Canada

Canada

Wind wire: Hostile takeover

Canadian Hydro, owner of Canada's two largest wind energy facilities, is currently subject to a hostile takeover by fellow Calgary energy company TransAlta Corporation.

If TransAlta is successful, it will give the heavily coal-based company one of the largest wind portfolios in the country. TransAlta is offering C$4.55 each for Canadian Hydro shares, representing a 30% premium above the volume-weighted average trading price for the ten days prior to the July 20 takeover bid announcement. With 143.7 million shares outstanding, TransAlta's all-cash offer amounts to C$654 million.

The total enterprise value of the transaction is C$1.5 billion, it adds. The company's Steve Snyder says it approached Canadian Hydro in December to discuss a possible deal, but that effort failed and TransAlta felt compelled to make an offer directly to shareholders. Canadian Hydro has urged shareholders not to take any action until a committee of independent directors has completed a review of the offer. TransAlta's goal in acquiring Canadian Hydro, says Snyder, is to accelerate its renewable energy portfolio expansion. Beyond a 450 MW coal plant in construction, TransAlta has no plans to build more coal plant until "the rules around carbon, the pricing around carbon and the technology around carbon capture are clearer," says Snyder.

TransAlta currently has 7963 MW of generating capacity: 62% coal, 23% gas and 15% renewables. Canadian Hydro's operating portfolio of 694 MW is all renewables, 84% of it wind. The acquisition would boost the renewables portion of TransAlta's portfolio to 22%, says Snyder. It would also nearly double its wind development pipeline to 2620 MW, with 404 MW at an advanced stage.

Proposed regulations governing the location of wind turbines could jeopardise 75% of all construction-ready wind projects in Ontario, says the Canadian Wind Energy Association (CanWEA). The rules require turbines to be a minimum of 550 metres from residences and 120 metres or more from roads, railway lines and property lot lines.

Included in proposed environment ministry regulations implementing the province's Green Energy Act (GEA), they are designed as a response to the growing complaints about the potential health and safety impacts of wind turbines while creating a provincial standard that replaces a patchwork of municipal bylaws. CanWEA's Robert Hornung says a survey of 25 wind developers found that 96 of 103 advanced projects, all of which were in compliance with pre-GEA regulations, are affected. Under the rules, 48% of all turbines in those projects could not be installed.

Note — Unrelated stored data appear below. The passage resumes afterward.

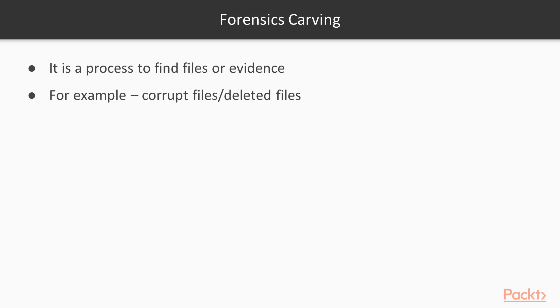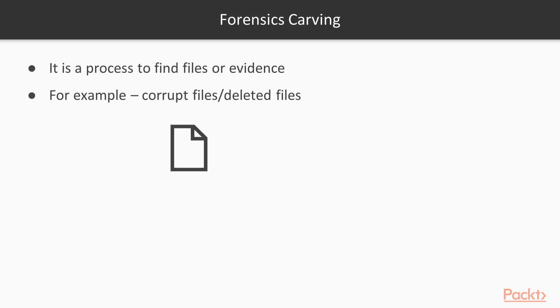If we talk about the process of Forensics Carving, the first step is to get the image from the particular system. You can take help of tools like FTK Imager to get the image file. Next our work is to analyze that image file with the help of Forensics Carving tools. There are various Forensics Carving tools available in Kali Linux as well as Windows that you can use. The next step is we have the Forensic Investigator who is going to use file carving tools to analyze the image file.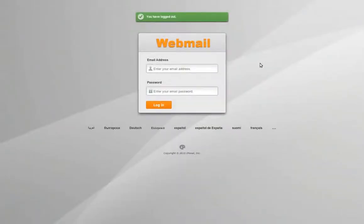You can also access webmail directly by typing in your domain forward slash webmail. In this example, I am going to use hostarmor.com forward slash webmail.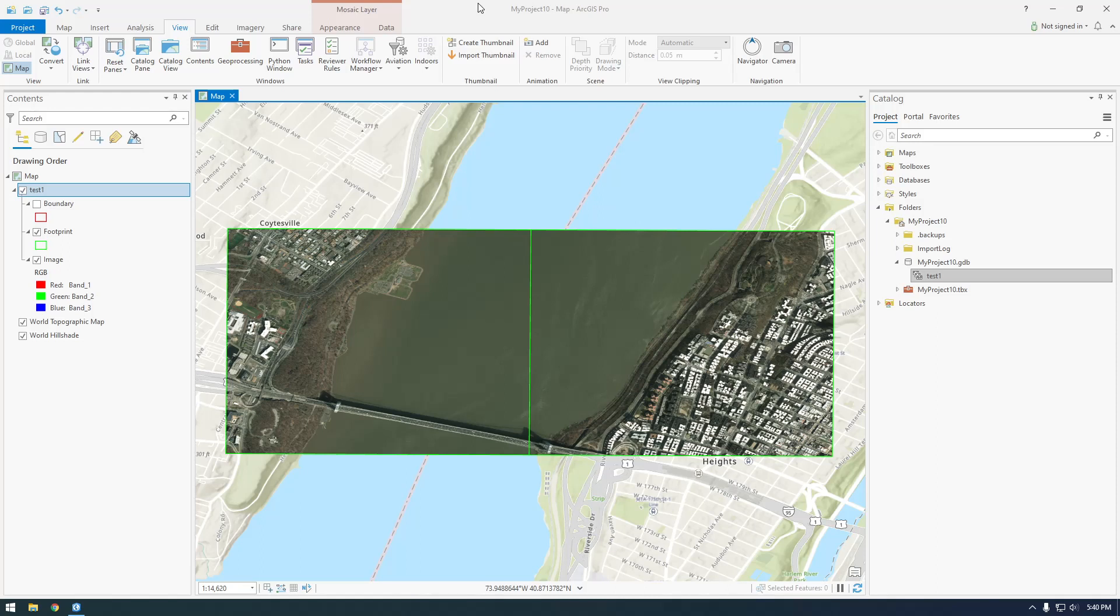So I figured I would update that series to the 21st century and make some videos on ArcGIS Pro and how we can script with ArcPy and Python in ArcGIS Pro. So that's what we're going to do here.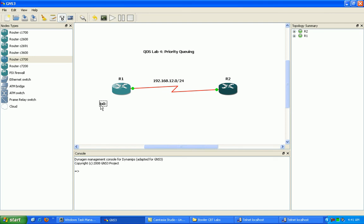So we'll do loopback 0 on router 1 is 1.1.1.0 slash 24. And then on router 2, we'll create a loopback 0 of 2.2.2.2.0 slash 24.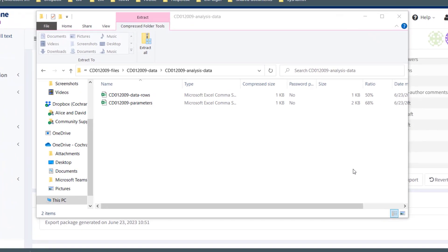Please note that if you're exporting analysis data for a diagnostic test accuracy review, the analysis data folder will contain the following two files instead: data rows and parameters.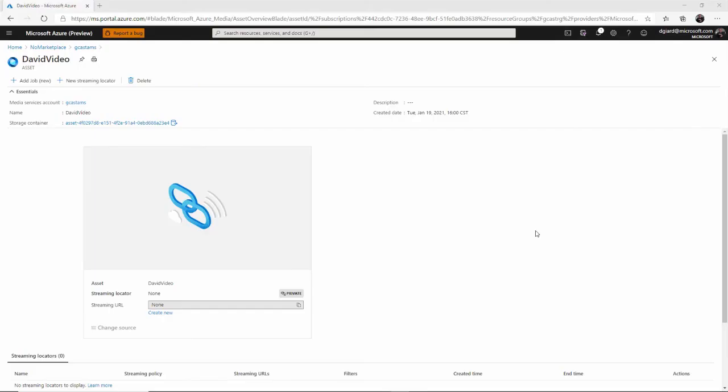Stay tuned. In the next video, I'm going to show you how to encode that video and share it with others. This is David. Thank you for watching.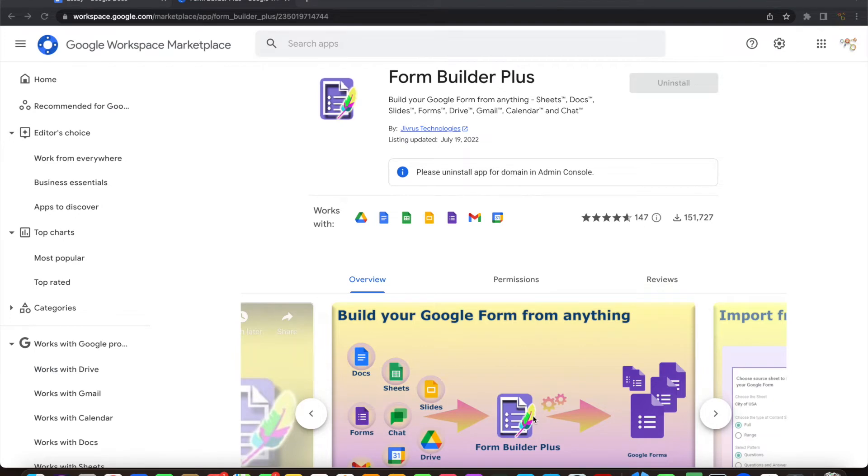Greetings from Jivrush Technologies. With Form Builder Plus, it is super easy to build Google Forms from any of your content.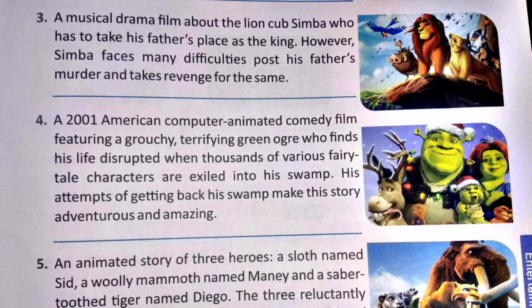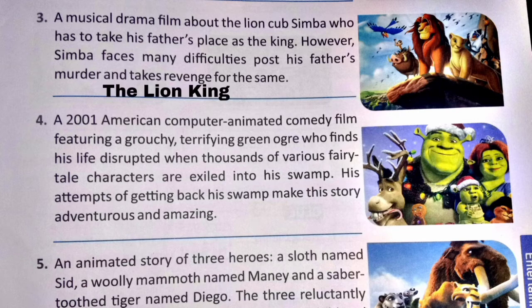Number 3: a musical drama film about the life of Simba, who has to take his father's place as the king. The answer is The Lion King.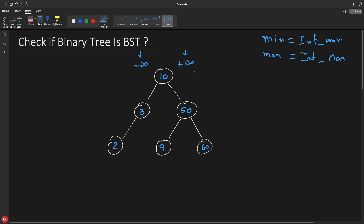Initially you will call some function and pass this root, then pass minimum and maximum. The algorithm goes like this: after reaching a location, you check whether this node is at the correct position. So 10 is in between minus infinity and plus infinity, meaning it is at the correct position. Now when you go to the left hand side, you will keep the minimum as it is - minus infinity - but your max will change, because whatever is on the left hand of 10 would be lesser than 10. So the upper bound would change to 10.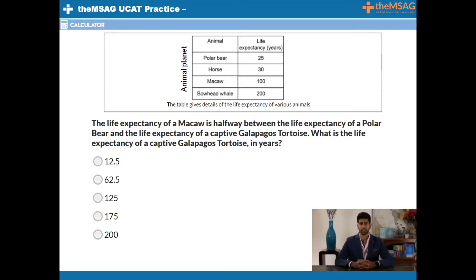Here, we are told that the life expectancy of the macaw is halfway between the life expectancy of a polar bear and the life expectancy of a captive Galapagos tortoise. But the life expectancy of the Galapagos tortoise is not shown. Don't worry — simply find the difference between the two life expectancies you do know: that of a polar bear and a macaw, which are 25 and 100 respectively, giving a difference of 75 years.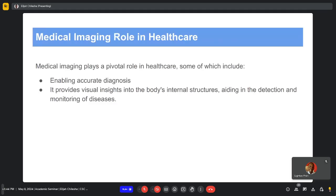The roles of medical imaging in healthcare include enabling accurate diagnosis and providing visual insights into internal structures within the body. For example, if a person has a broken hand, once a medical imaging examination has been carried out, it is easy for the radiologist to look at those parts of the body — such as the bones — to identify problematic areas.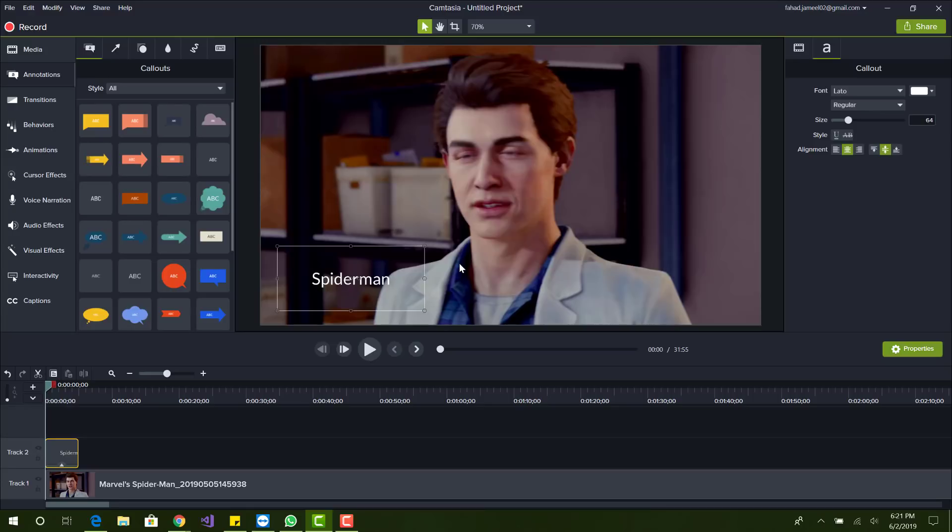Alright, Spider-Man. Let me call it Marvel's Spider-Man.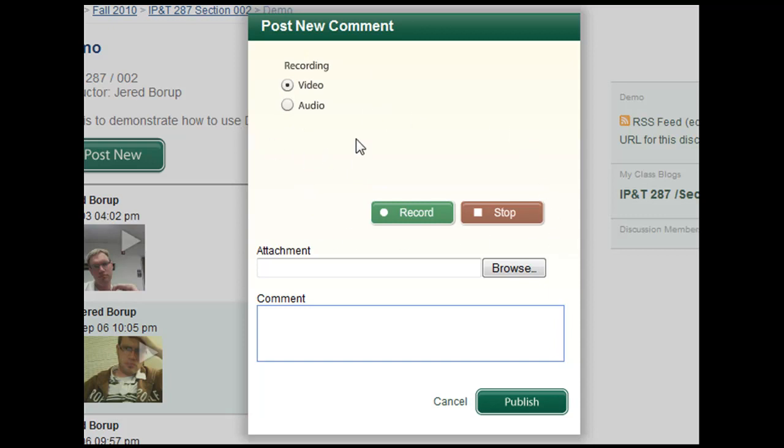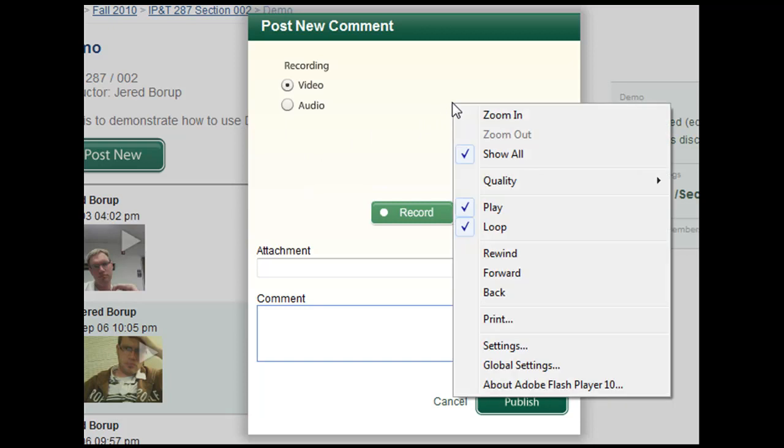The only thing you need to do is go where the camera or video should be, right click it, and go to settings.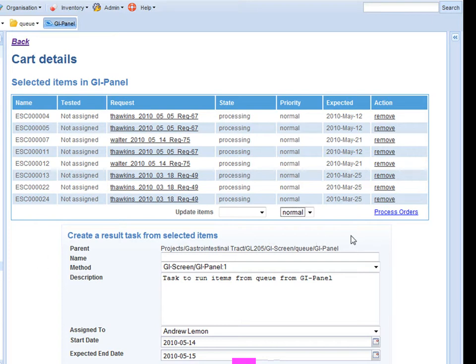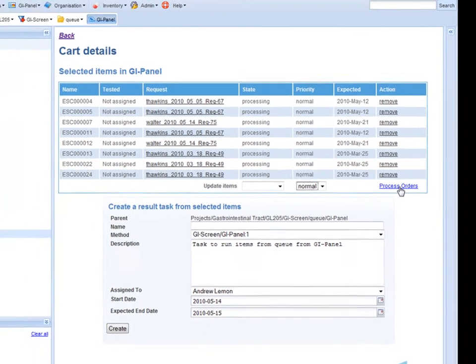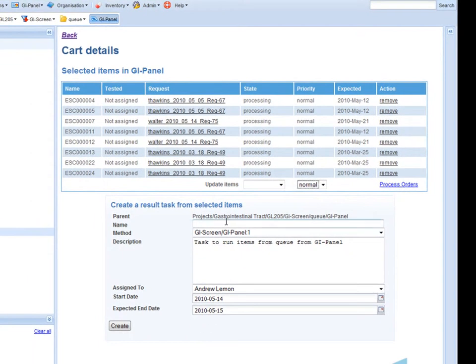I can either wait for that to happen asynchronously or I can press the process orders button and have it done immediately. Once the stock arrives I will then add in an experiment name.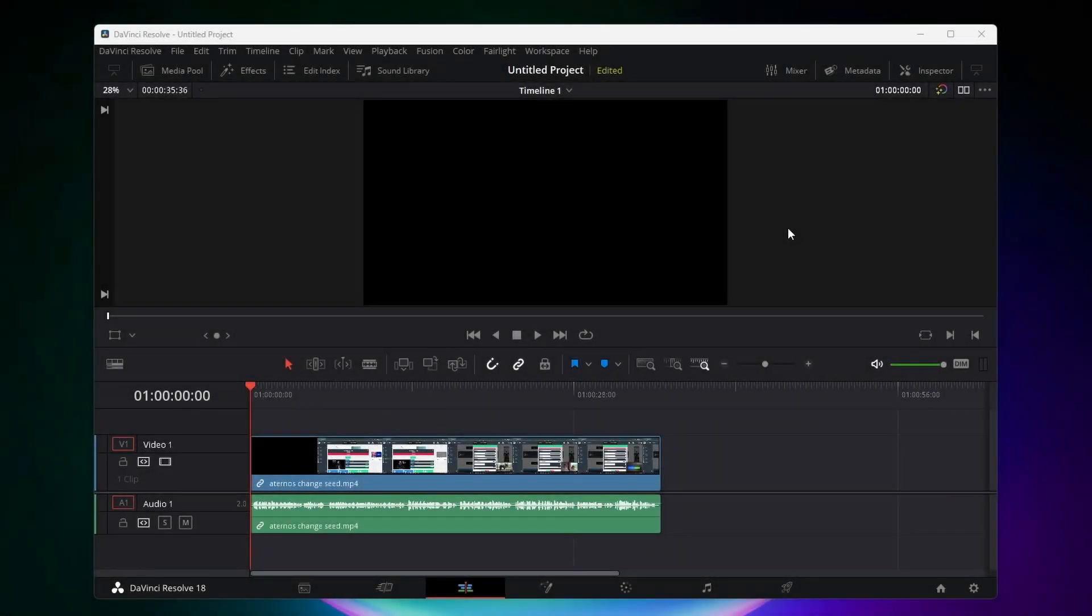Hello everybody. In this video I'm going to show you how to export audio only in DaVinci Resolve 18. The process is actually super simple so let's just get started.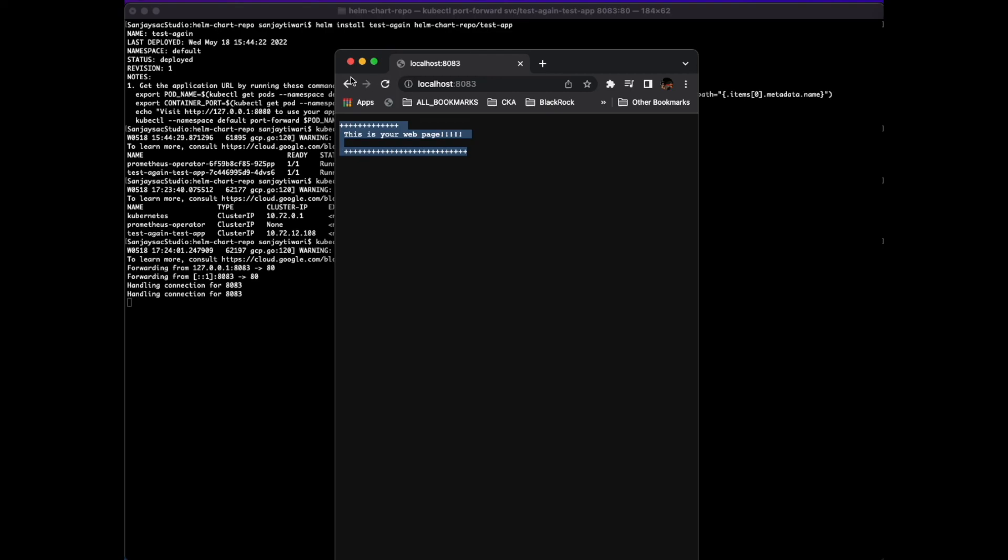That's it guys. You have your Helm repository where you can deploy your own stuff. Thank you very much. I think this is it from my side. Thank you.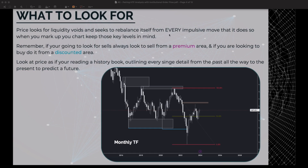Remember: price looks for liquidity voids and seeks to rebalance itself from every impulsive move it makes. When you mark up your chart, keep those key levels in mind. On this monthly GBP/USD chart, you can see an impulsive move down that rejected off a point of interest, went back up, rebalanced itself, filled imbalances and liquidity, tapped into a point of interest, went back down, took out liquidity, went back up a little, then back down again.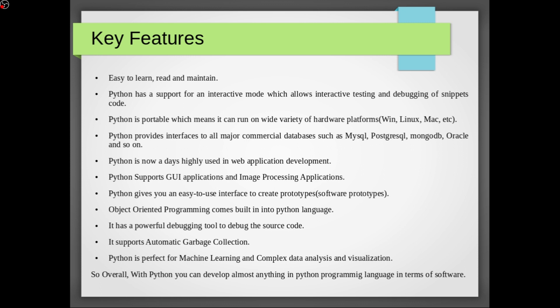Python gives you an easy to use interface to create prototypes or we can say software prototypes. Object-oriented programming comes built in into Python language. It is a powerful debugging tool to debug the source code. It supports automatic garbage collection.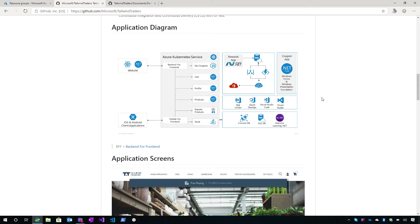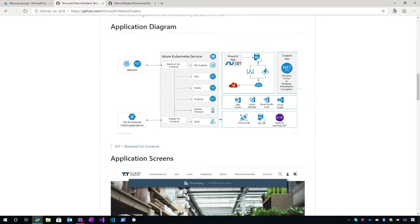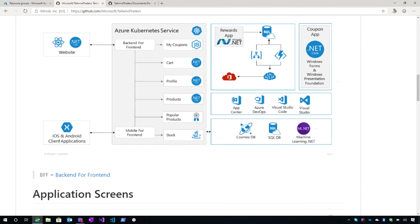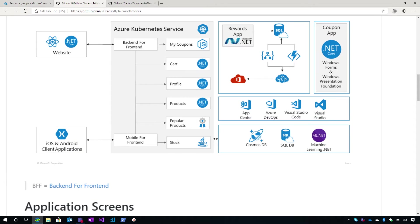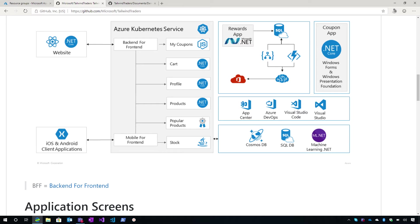So as part of the application diagram, here we have the website. As you mentioned, it is React based with .NET Core. We connected to the backend services that are containers that are running on Kubernetes. We have as well the mobile apps that connect to the backend that is hosted in the AKS. Right. We have the rewards application that is independent. It is basically connected to a SQL Server database. And we modernize this application adding cloud native services like Logic Apps or Azure Durable Functions.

"The net effect is that 79 construction-ready projects representing 2591 MW would either be rendered immediately non-viable or would require a complete back-to-the-drawing board redesign," warns Hornung. He estimates the 79 "lost" projects represent development costs in excess of $50 million.

Instead of basing setbacks on an "arbitrary fixed distance" they should be set according to the ministry's own noise guidelines, argues Hornung. The minimum distance from roads and property lines should be equal to one turbine blade length plus ten metres, he says. A citizen's group called Wind Concerns Ontario says the government's location rules are inadequate. It believes setbacks for residences should be based on the results of a health effects survey it wants the government to conduct. Until one is done, a "setback of 1500 metres is called for from any location where a residence might be constructed," the group says.